The ruling in the Congo case by the National People's Congress Standing Committee, which is binding on local courts, is a step backwards, given that pre-1997 Hong Kong had adopted a policy of restrictive rather than absolute immunity, and this is clearly the way the world is going.
In the debt dispute, the Democratic Republic of Congo government had agreed to be bound by arbitration, but subsequently reneged. When the American company FG Hemisphere Associates - a so-called vulture fund - took the case to the Hong Kong courts, Congo insisted it had absolute immunity.
The Standing Committee's decision seems to be at odds with the fact that China in 2005 signed the UN Convention on Jurisdictional Immunities of States and Their Properties, under which states will not enjoy immunity in commercial matters.
However, China has not ratified the convention, which has yet to come into force. Presumably, if the convention does come into effect one day and is ratified by Beijing, it will extend the agreement to Hong Kong as well, reversing the latest decision. But that situation may be years down the road.
The latest interpretation is the fourth by the Standing Committee, with each sparking political disputes in Hong Kong with charges that the special administrative region's autonomy is being eroded. This time, because the interpretation was requested by the Court of Final Appeal, there is an even stronger sense that the judiciary's independence is being eroded.
Each time there is such a controversy, Beijing is asked to intervene and, each time, relations between Hong Kong and the central government suffer. It would be far better if Hong Kong could, on its own, resolve legal issues without running to Beijing.
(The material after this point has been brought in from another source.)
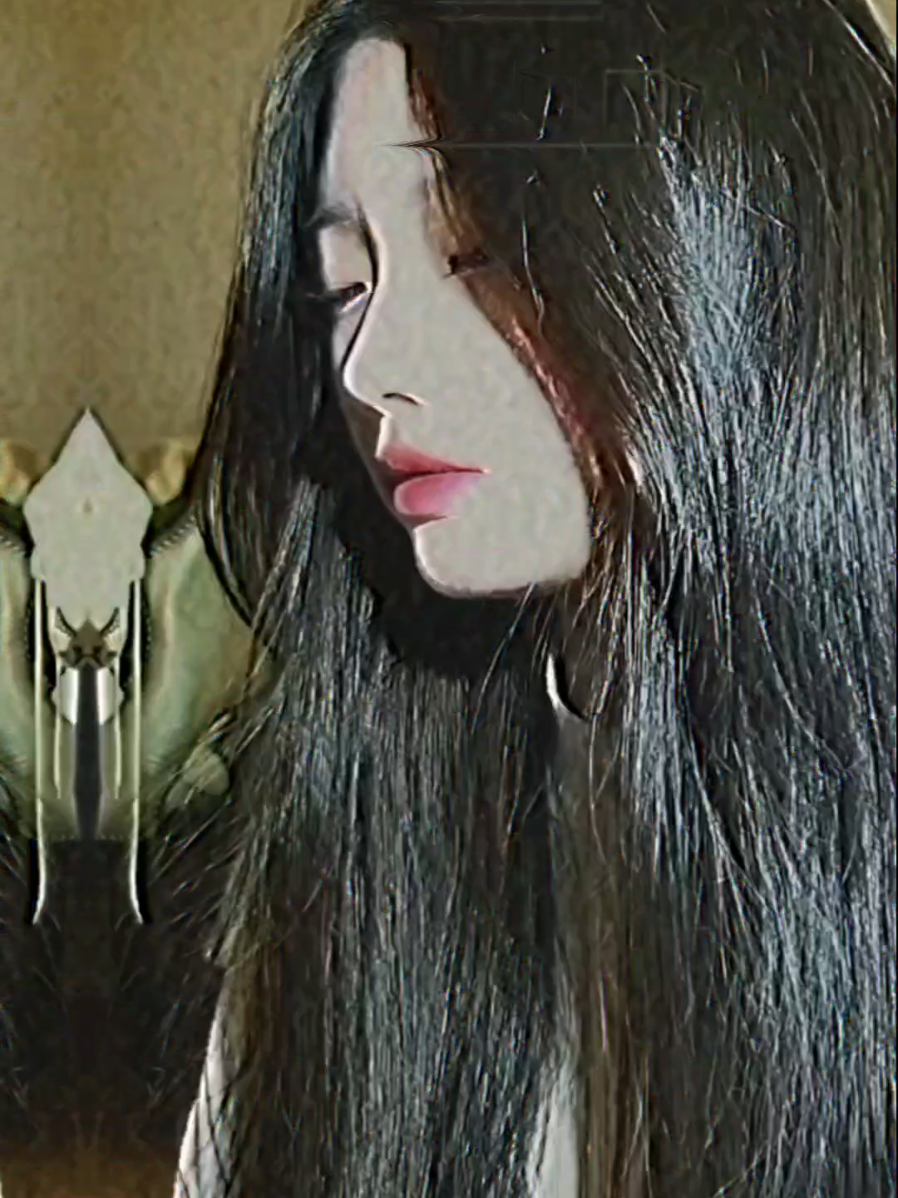 @민지무강🔥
A major problem at present is that, under the common law system, the courts interpret the law by examining its wording while, on the mainland, where there is legislative rather than judicial interpretation, reference is made to discussion during the drafting process to understand the original intent of legislators.
It would be useful if the Court of Final Appeal could, in matters involving the Basic Law, widen the traditional approach by taking into consideration factors that are relevant to mainland legislators. Thus, records of discussion during the drafting of the Basic Law could be made available to the court for consideration. If necessary, drafters could be called on to provide testimony regarding the original intent of the law. Naturally, such a move would require prior consultation with Beijing.
This should not be seen as a move to circumvent the Standing Committee's authority. Rather, it should be seen as an attempt by Hong Kong to resolve its own legal problems and not burden the mainland with them.
The reduction of cases requiring Standing Committee decisions should result in greater harmony between Hong Kong and the mainland, and that would surely be welcomed, both in Beijing and Hong Kong.